## Exercise materials

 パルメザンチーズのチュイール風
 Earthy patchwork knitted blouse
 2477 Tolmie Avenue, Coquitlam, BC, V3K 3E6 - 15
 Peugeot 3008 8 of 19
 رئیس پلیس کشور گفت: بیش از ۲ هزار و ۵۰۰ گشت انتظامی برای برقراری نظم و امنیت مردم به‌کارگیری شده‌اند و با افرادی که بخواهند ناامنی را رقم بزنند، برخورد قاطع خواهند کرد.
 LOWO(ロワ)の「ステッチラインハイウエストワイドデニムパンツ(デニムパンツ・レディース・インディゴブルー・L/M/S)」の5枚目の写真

## Task statement
This exercise asks for an exact repeat of the lines from the one holding "Peugeot 3008 8 of 19" through the end of the data above.

## Output
 Peugeot 3008 8 of 19
 رئیس پلیس کشور گفت: بیش از ۲ هزار و ۵۰۰ گشت انتظامی برای برقراری نظم و امنیت مردم به‌کارگیری شده‌اند و با افرادی که بخواهند ناامنی را رقم بزنند، برخورد قاطع خواهند کرد.
 LOWO(ロワ)の「ステッチラインハイウエストワイドデニムパンツ(デニムパンツ・レディース・インディゴブルー・L/M/S)」の5枚目の写真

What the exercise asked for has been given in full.